_WHAT YOU HAVE TO DO_
The response must consist of the lines below from the one with "Ρούχα G-Star T-shirt" through the one with "Crystal, brand fashionable", exactly as they appear and with both ends kept.

_LISTED RECORDS_
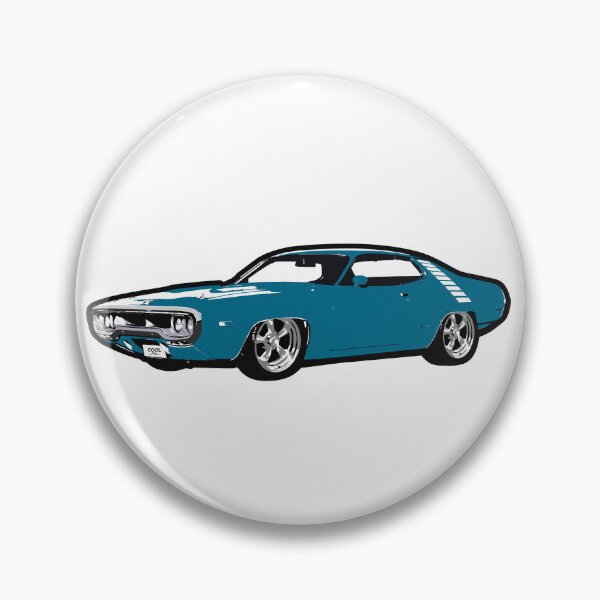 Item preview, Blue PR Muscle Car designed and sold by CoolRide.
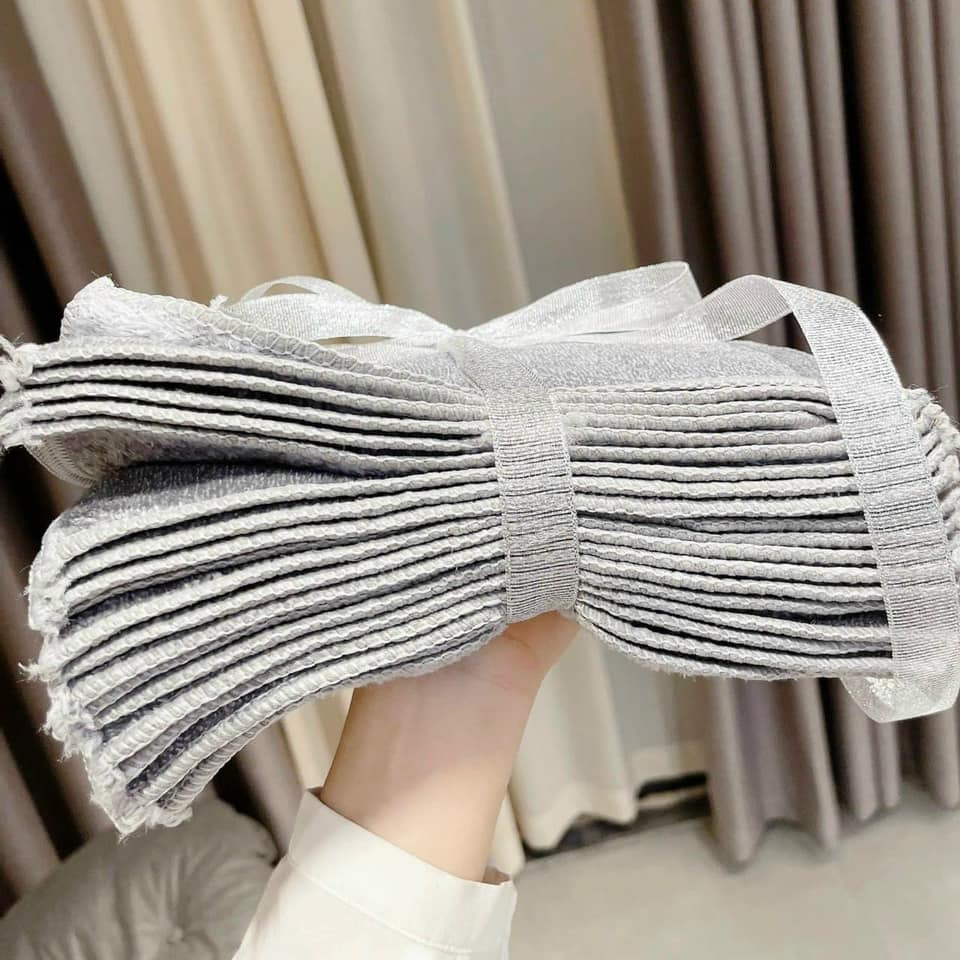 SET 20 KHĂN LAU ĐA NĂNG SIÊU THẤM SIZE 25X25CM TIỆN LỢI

--

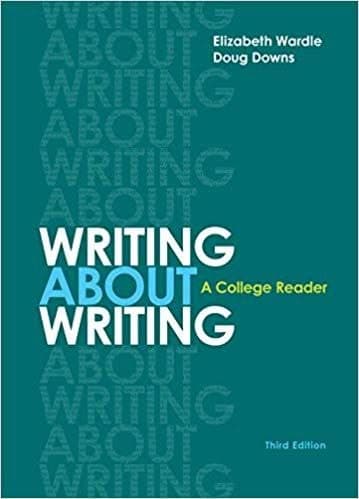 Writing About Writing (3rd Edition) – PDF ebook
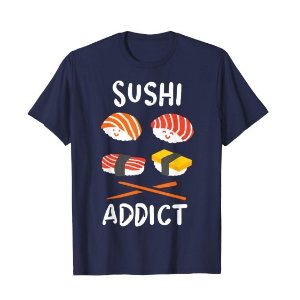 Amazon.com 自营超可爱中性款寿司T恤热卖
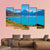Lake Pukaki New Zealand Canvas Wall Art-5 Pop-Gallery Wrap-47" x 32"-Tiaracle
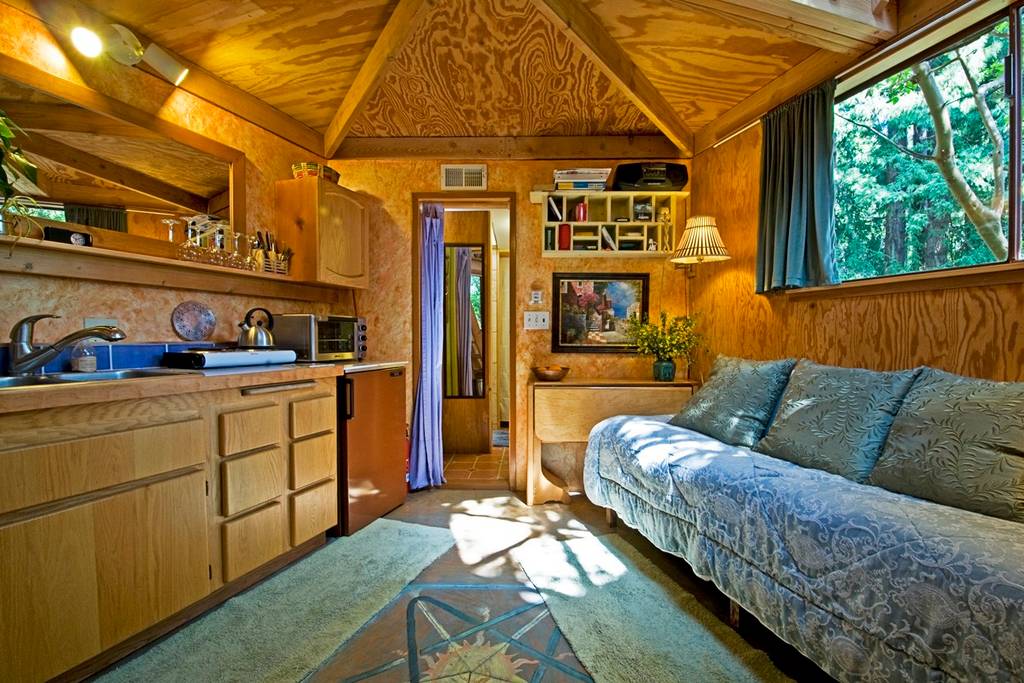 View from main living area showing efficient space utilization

* * *

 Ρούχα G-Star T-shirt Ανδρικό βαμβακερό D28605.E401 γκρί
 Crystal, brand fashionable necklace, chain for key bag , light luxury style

_SOLUTION TO THIS TASK_
 Ρούχα G-Star T-shirt Ανδρικό βαμβακερό D28605.E401 γκρί
 Crystal, brand fashionable necklace, chain for key bag , light luxury style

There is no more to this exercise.